Oh wad some power the giftie gie us

To see oursel's as ithers see us;

It wad frae mony a blunder free us,
And foolish notion.

CHAPTER XII

HEALTH VALUE OF "UNBOSSED" PLAY AND

PHYSICAL TRAINING

A boy without play means a father without a job. A boy without physical training means a father who drinks. When people have wholesome, well-disciplined bodies there will be less demand for narcotics as well as for medicines. On these three propositions enthusiasm has built arguments for city parks and playgrounds, for school gymnastics, and for temperance instruction. We have tried the remedies and now realize that too much was expected of them. Neither movement appreciated the mental and physical education of spontaneous games and play.

Like hygiene instruction, physical training was made compulsory by law in many states, and, like hygiene instruction, physical training had to yield to the pressure of subjects in which children are examined. At the outset both were based upon distorted psychology and physiology.

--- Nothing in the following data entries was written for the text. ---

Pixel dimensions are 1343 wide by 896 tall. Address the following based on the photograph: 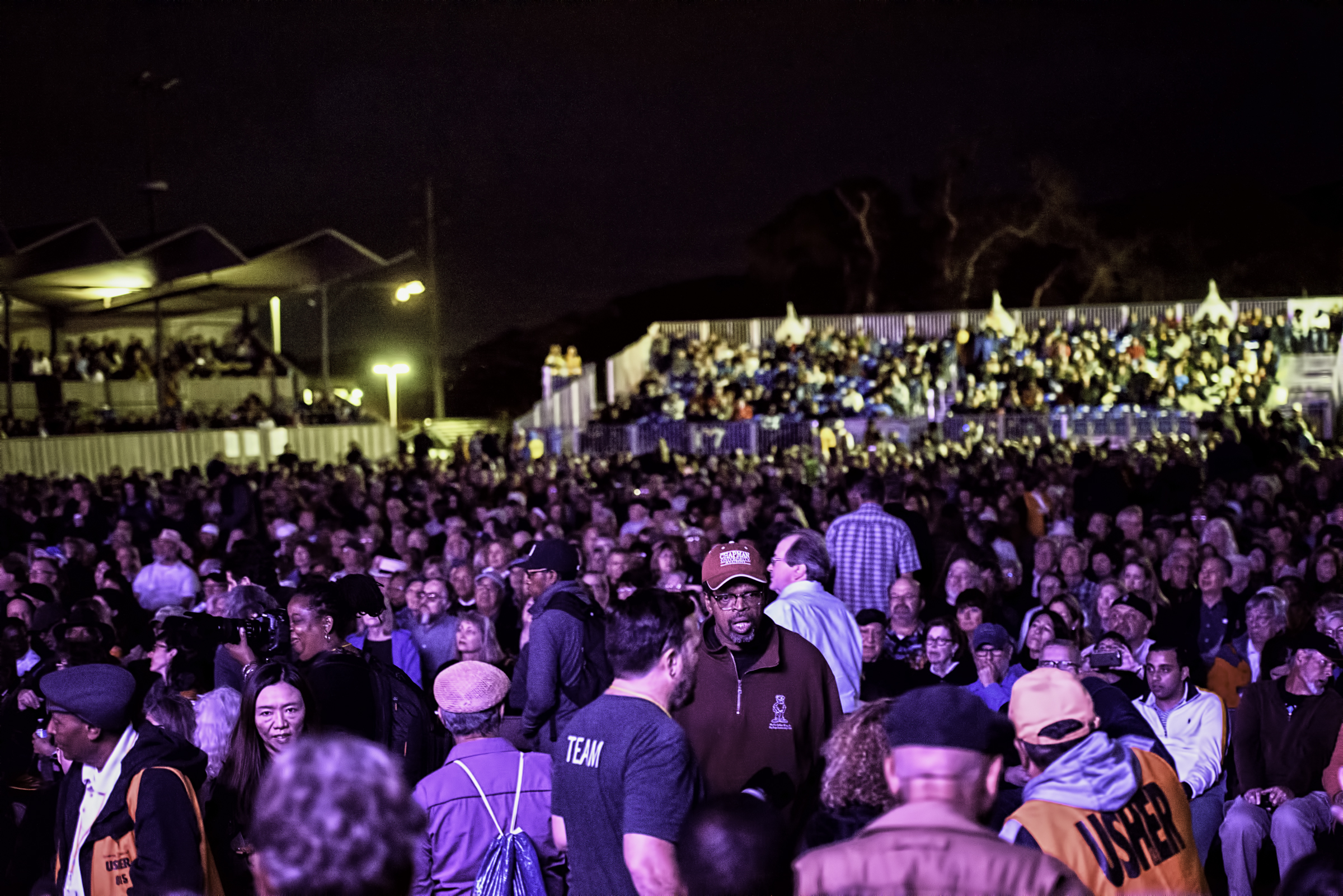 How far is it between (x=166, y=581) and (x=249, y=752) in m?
6.93

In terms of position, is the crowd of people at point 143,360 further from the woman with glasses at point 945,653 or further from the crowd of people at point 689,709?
the woman with glasses at point 945,653

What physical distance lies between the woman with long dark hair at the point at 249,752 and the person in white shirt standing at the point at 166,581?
263 inches

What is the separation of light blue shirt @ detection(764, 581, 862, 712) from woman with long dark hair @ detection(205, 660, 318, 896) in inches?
75.7

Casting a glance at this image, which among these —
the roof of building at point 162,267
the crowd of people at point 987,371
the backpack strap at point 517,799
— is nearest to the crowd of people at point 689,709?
the backpack strap at point 517,799

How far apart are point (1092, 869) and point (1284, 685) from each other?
12.9ft

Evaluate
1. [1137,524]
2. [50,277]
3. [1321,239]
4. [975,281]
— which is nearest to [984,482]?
[1137,524]

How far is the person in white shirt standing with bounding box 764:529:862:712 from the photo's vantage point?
542cm

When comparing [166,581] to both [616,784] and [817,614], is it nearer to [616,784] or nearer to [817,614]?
[817,614]

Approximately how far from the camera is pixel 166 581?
1053 cm

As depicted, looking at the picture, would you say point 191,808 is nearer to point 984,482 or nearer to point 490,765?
point 490,765

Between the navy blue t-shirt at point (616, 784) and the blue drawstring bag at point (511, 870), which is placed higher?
the navy blue t-shirt at point (616, 784)

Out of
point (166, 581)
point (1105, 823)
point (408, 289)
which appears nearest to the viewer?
point (1105, 823)

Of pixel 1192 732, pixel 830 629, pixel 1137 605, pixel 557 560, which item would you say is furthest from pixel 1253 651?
pixel 557 560

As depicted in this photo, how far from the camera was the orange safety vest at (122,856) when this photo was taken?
3.64 m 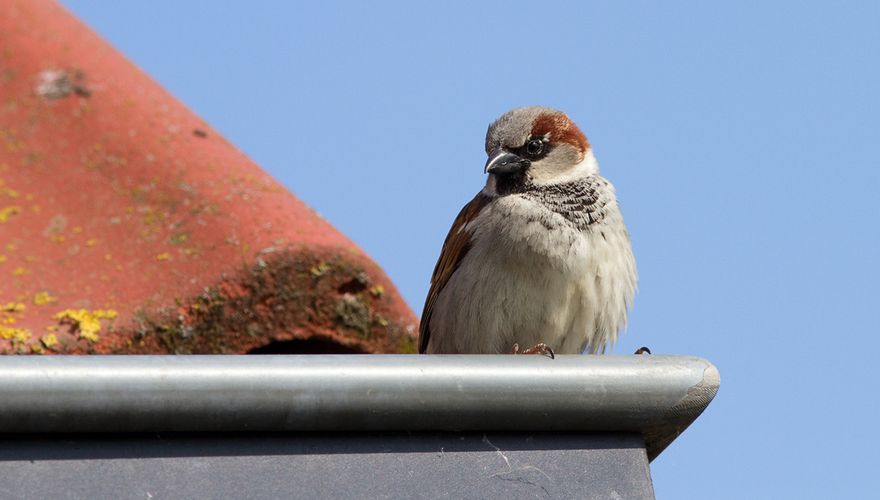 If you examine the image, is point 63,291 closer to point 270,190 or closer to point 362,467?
point 270,190

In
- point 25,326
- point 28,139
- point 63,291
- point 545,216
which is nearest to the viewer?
point 25,326

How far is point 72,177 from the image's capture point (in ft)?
8.90

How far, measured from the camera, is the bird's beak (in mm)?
2738

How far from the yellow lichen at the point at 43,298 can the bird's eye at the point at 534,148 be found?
3.43 feet

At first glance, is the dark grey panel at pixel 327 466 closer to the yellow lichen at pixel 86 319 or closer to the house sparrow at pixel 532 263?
the yellow lichen at pixel 86 319

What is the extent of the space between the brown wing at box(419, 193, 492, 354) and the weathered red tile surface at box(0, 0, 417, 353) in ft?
0.95

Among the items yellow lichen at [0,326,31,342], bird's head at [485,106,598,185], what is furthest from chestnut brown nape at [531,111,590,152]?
yellow lichen at [0,326,31,342]

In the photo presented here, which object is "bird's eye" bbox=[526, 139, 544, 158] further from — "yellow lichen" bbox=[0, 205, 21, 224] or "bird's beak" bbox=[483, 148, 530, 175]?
"yellow lichen" bbox=[0, 205, 21, 224]

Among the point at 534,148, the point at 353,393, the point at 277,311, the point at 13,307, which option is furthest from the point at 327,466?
the point at 534,148

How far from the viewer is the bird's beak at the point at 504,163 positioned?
108 inches

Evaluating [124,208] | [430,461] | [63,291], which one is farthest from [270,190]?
[430,461]

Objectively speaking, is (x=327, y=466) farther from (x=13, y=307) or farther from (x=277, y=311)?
(x=13, y=307)

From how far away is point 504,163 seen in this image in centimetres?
276

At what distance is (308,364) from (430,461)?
18cm
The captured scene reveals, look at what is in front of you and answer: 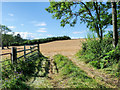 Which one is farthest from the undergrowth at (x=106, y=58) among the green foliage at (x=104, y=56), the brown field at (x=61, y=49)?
the brown field at (x=61, y=49)

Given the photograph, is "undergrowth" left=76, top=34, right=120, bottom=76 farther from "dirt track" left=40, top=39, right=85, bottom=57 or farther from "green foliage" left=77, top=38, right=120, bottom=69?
"dirt track" left=40, top=39, right=85, bottom=57

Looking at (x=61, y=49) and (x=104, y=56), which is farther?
(x=61, y=49)

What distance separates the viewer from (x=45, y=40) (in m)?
26.3

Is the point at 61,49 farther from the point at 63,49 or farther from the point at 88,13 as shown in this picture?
the point at 88,13

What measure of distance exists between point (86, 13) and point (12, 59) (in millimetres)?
9499

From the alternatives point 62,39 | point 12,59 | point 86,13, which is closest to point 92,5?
point 86,13

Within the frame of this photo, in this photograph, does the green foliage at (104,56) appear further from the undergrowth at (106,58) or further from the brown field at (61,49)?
the brown field at (61,49)

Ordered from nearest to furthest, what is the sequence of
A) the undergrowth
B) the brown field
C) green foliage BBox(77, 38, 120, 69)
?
the undergrowth
green foliage BBox(77, 38, 120, 69)
the brown field

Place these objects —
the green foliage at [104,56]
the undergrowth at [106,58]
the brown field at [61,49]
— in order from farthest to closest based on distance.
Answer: the brown field at [61,49] < the green foliage at [104,56] < the undergrowth at [106,58]

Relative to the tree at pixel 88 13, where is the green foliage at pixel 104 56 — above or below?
→ below

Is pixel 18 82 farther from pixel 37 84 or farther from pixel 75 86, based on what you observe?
pixel 75 86

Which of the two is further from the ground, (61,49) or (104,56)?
(104,56)

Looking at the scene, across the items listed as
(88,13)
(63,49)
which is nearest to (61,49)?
(63,49)

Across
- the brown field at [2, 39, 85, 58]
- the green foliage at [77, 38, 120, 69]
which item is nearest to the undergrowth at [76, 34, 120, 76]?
the green foliage at [77, 38, 120, 69] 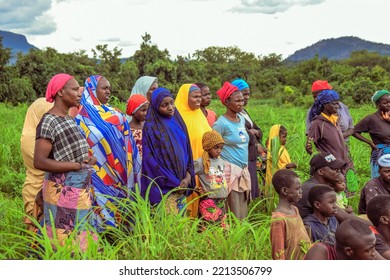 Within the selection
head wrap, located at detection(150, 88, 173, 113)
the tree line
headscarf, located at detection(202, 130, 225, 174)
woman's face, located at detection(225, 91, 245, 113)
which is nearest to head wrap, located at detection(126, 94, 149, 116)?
head wrap, located at detection(150, 88, 173, 113)

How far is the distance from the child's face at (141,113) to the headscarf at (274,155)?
1.42m

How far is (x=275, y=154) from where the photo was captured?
18.4 feet

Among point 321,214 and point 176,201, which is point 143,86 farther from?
point 321,214

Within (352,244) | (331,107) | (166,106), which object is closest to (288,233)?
(352,244)

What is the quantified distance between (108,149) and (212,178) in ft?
2.74

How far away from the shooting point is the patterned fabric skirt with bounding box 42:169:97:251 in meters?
3.45

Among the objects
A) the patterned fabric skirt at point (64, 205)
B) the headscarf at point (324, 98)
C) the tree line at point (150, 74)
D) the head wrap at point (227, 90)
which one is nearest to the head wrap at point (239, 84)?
the head wrap at point (227, 90)

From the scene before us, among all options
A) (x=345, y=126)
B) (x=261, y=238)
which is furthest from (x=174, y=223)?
(x=345, y=126)

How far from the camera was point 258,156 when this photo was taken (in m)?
5.89

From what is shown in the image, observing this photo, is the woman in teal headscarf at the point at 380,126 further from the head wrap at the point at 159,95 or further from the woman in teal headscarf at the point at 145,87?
the head wrap at the point at 159,95

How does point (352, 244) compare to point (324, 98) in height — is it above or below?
below

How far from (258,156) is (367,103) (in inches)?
479

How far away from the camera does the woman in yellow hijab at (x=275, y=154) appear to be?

Of late physical training has been revived "to correct defects of the school desk and to relieve the strain of too prolonged study periods." In New York grammar schools ten minutes a day for the lower grades, and thirty minutes a week for the higher grades, are set aside for physical training. With the exception of eighteen schools where apparatus is used, the exercise has been in the class rooms. It consists of what are known as "setting-up exercises," deep breathing and arm movements for two minutes between each study period, often forgotten until it is time to go home, when the children are tired and need it least. Many teachers so conduct these exercises that children keenly enjoy them.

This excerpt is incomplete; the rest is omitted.